Depuis bientôt deux ans, la vallée de la Roya, dans les Alpes-Maritimes, voit quotidiennement affluer des dizaines de migrants aux portes de ses villages médiévaux encastrés à flanc de montagne. Pour éviter les contrôles de police à la frontière italienne entre Vintimille et Menton, ces exilés ont privilégié le passage par les Alpes. Si le chemin les conduit directement en France, il les mène aussi dans la gueule du loup : la région de la Roya est cernée par la police. Attachés à la tradition d'entraide qui fait la fierté de la vallée, des habitants regroupés au sein de l’association Roya citoyenne, leur portent assistance.
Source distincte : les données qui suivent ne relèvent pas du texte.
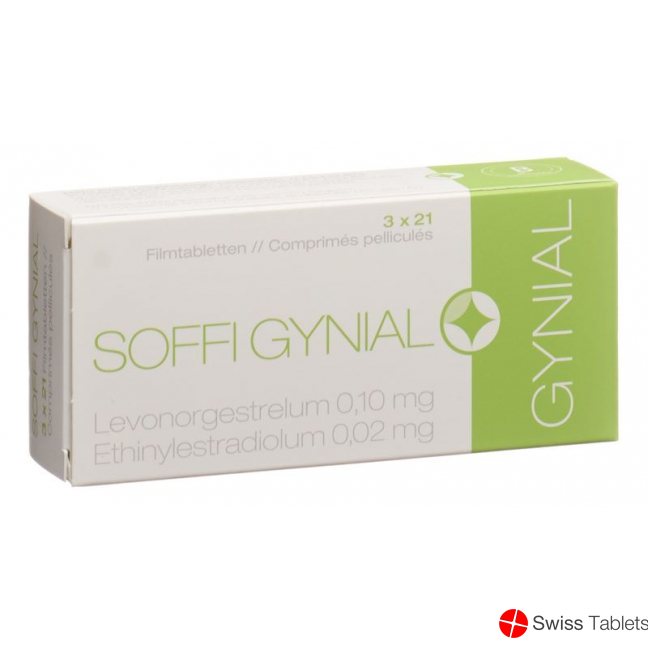 Soffi Gynial Filmtabletten 3x 21 Stück buy online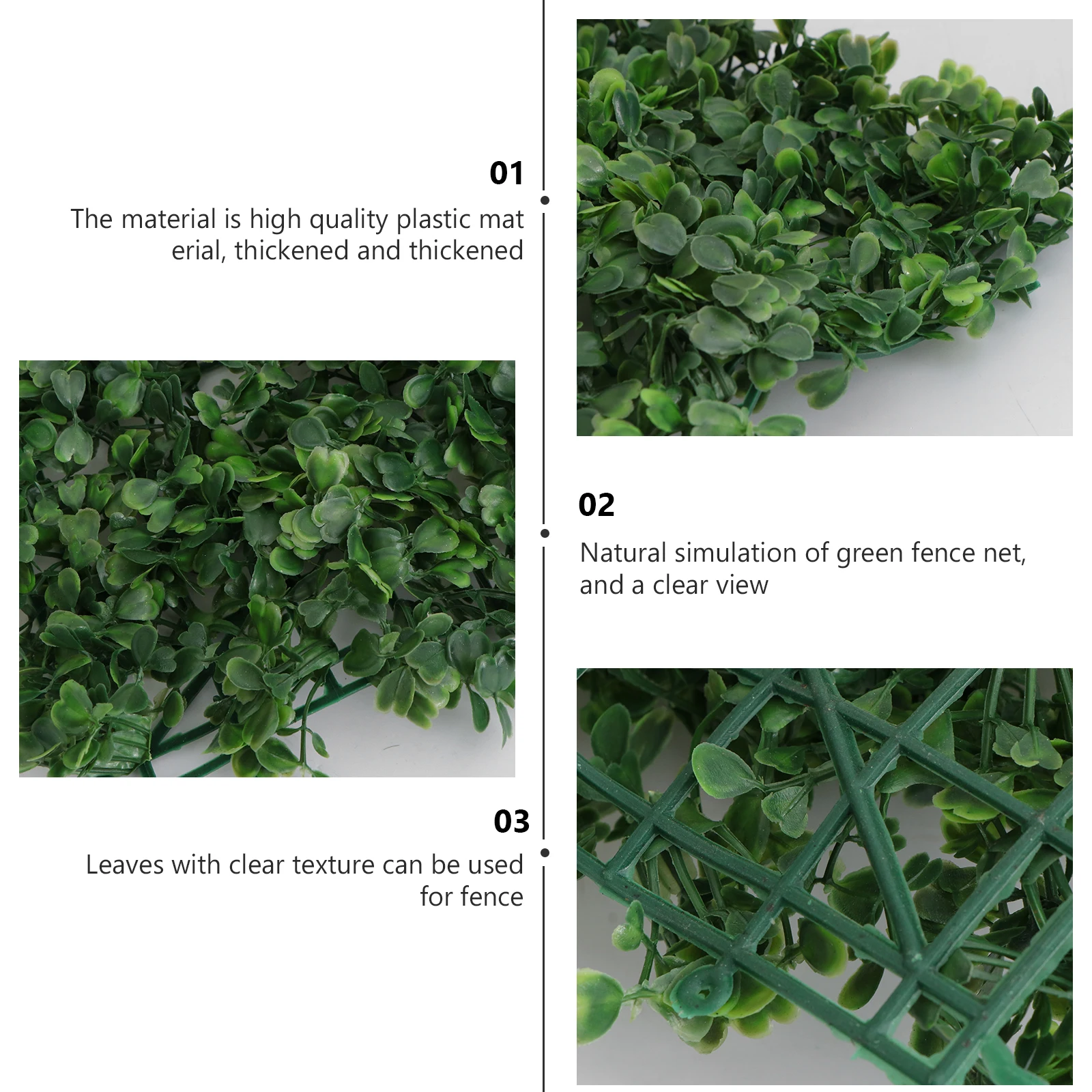 

1pc Artificial Grass Lawn Premium Reusable Simulated Vegetation Wall Decor For Balcony Garden Living Room Background Greening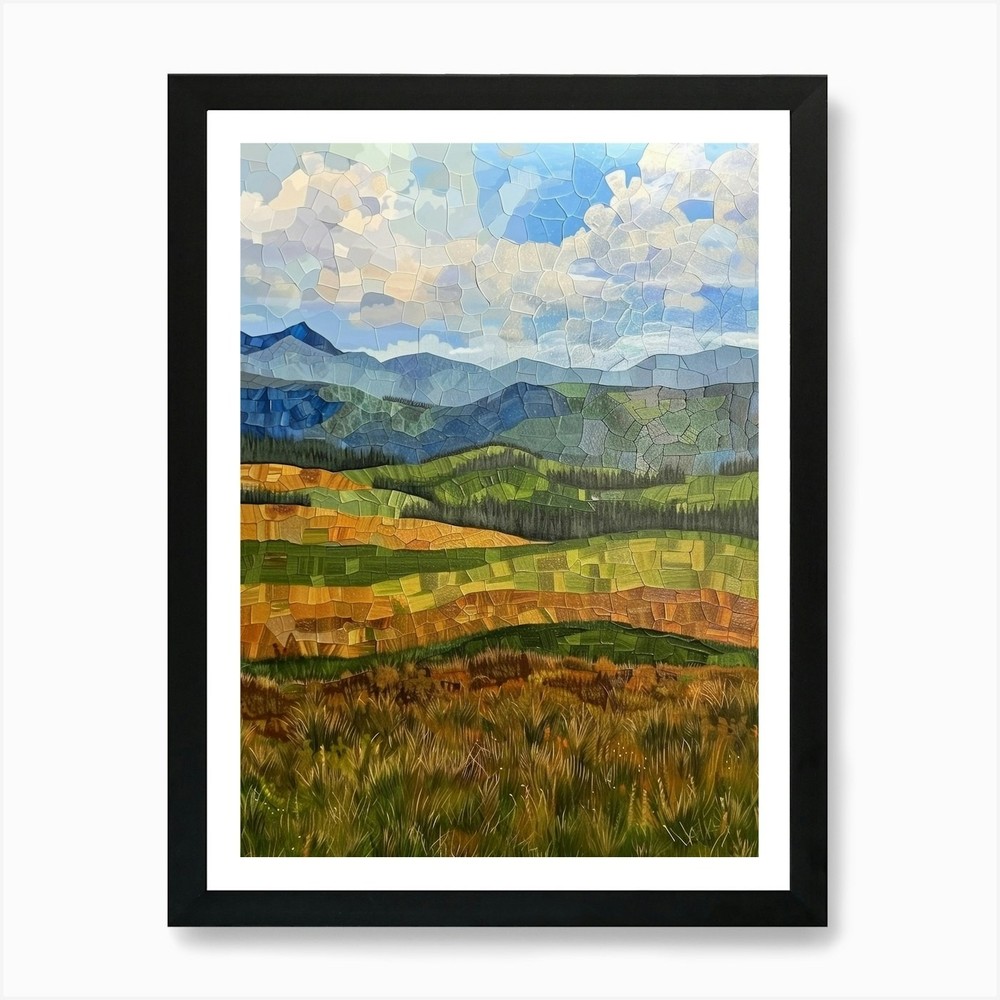 Scotland Landscape 8 Art Print Framed Wall Art Poster Canvas Print Picture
Au risque de tomber sous le coup de la loi.

Le prêtre abandonné

  Photo © Mehdi Chebil

En ce moment, le prêtre François-Xavier Asso lit Pline l’Ancien. Une lecture érudite pour mieux connaître, explique-t-il, les racines romaines de son village de Tende, perché sur les hauteurs de la vallée de la Roya. Au café des Sports, le principal bistrot du centre-ville où il s’est installé, l’ecclésiastique de 76 ans, ancien prêtre-ouvrier, enchaîne les digressions sur les origines latines des lieux, l'influence de l'empire romain, le règne de Probus en 280. S’il parle autant de l’histoire de la vallée, c’est sans doute pour retarder le moment de parler de la sienne. L’homme d'Église porte sur ses robustes épaules une histoire douloureuse, celle d’une rupture violente : depuis cet hiver, ses supérieurs hiérarchiques ont coupé tout contact avec lui. L’évêché de Nice lui a tourné le dos.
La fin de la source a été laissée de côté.